→ **DATASET EXCERPTS**:
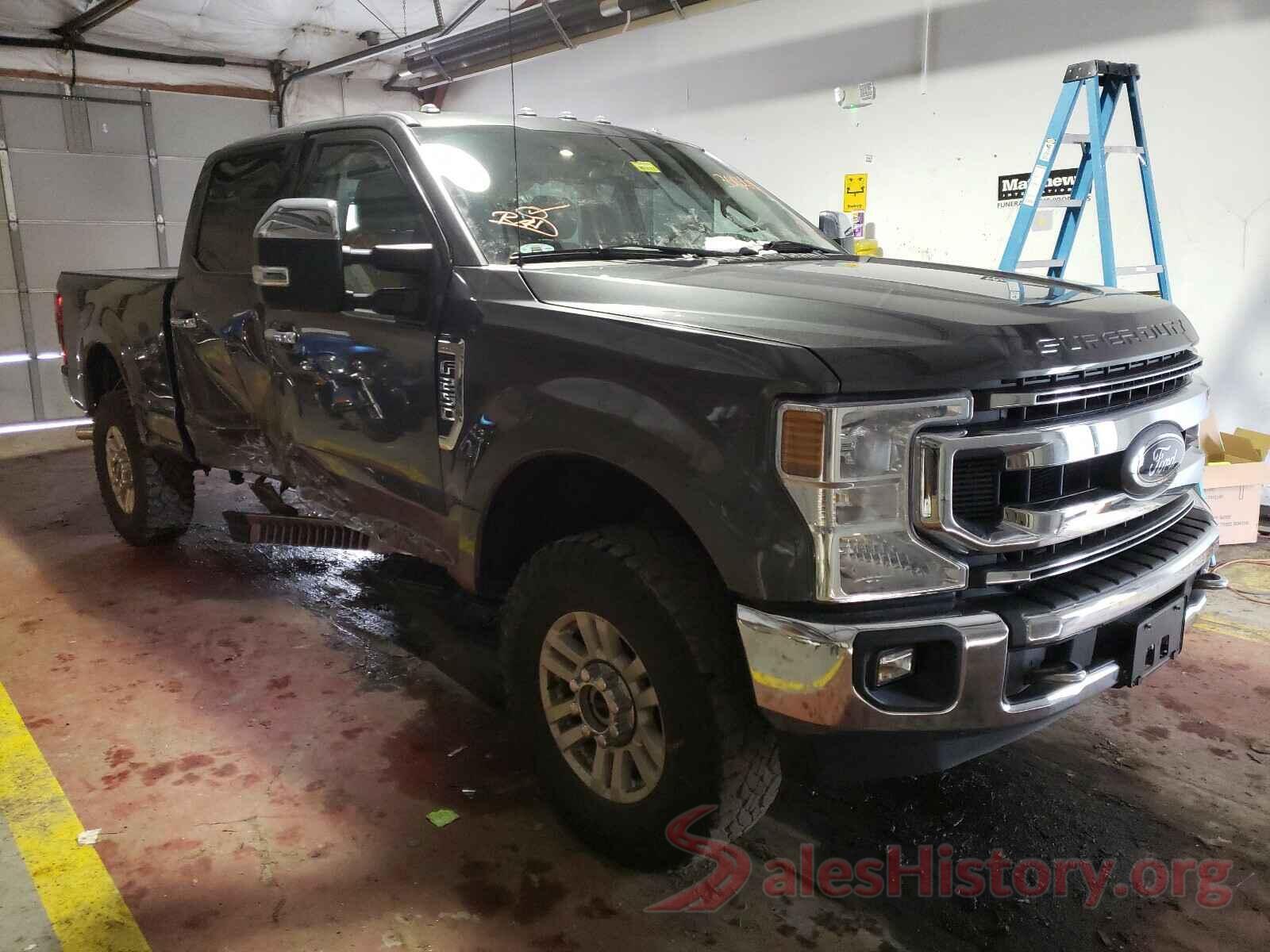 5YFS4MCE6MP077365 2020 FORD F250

---

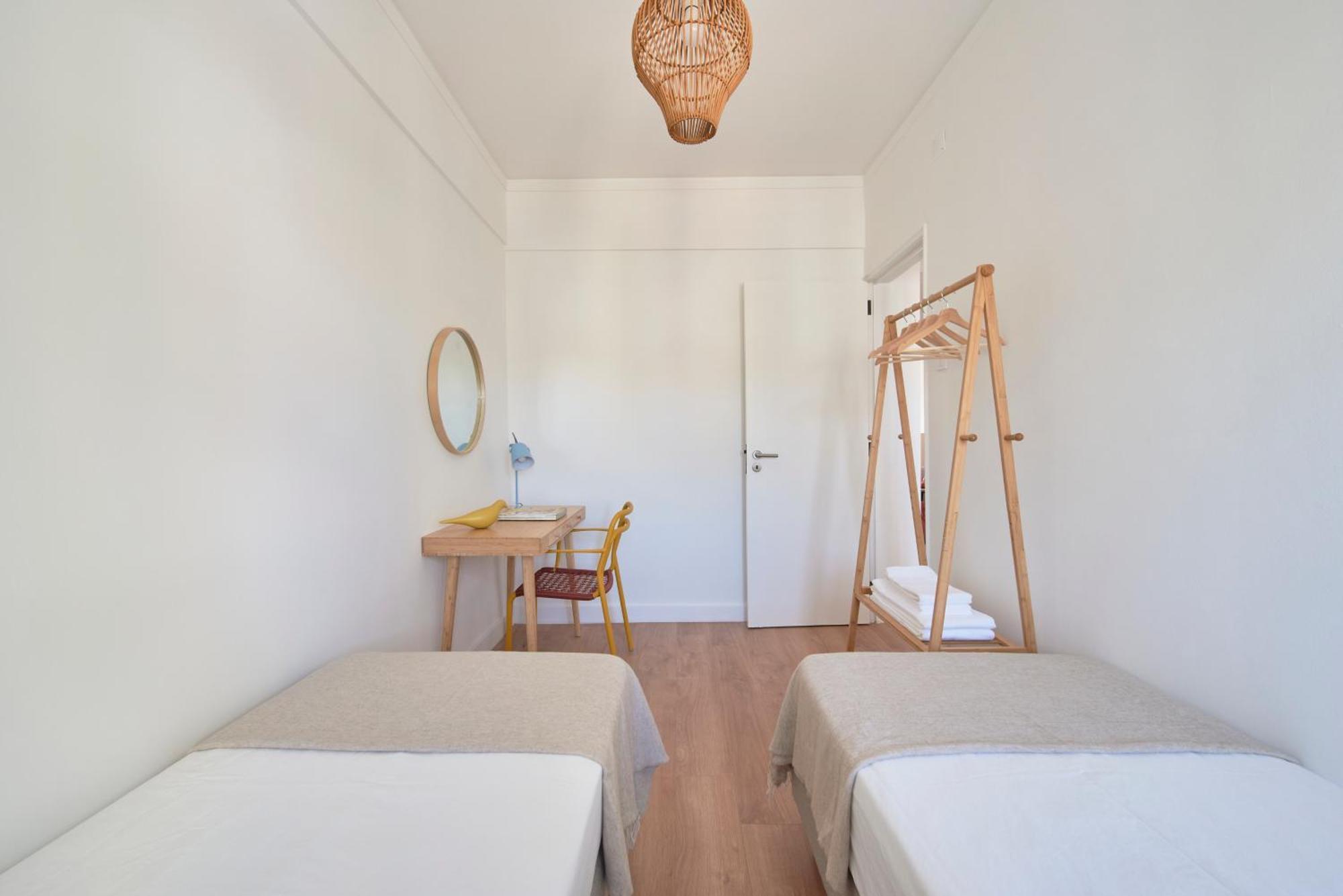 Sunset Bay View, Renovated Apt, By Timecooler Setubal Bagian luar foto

==

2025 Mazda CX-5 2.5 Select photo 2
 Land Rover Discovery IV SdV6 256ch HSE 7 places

→ **TASK ITEM**: Exact duplication is required for the lines above, from the line that contains "2025 Mazda CX-5 2.5 Select photo 2" to the line that contains "Land Rover Discovery", inclusive; omit all others.

→ **RESULT FOR THIS TASK**:
2025 Mazda CX-5 2.5 Select photo 2
 Land Rover Discovery IV SdV6 256ch HSE 7 places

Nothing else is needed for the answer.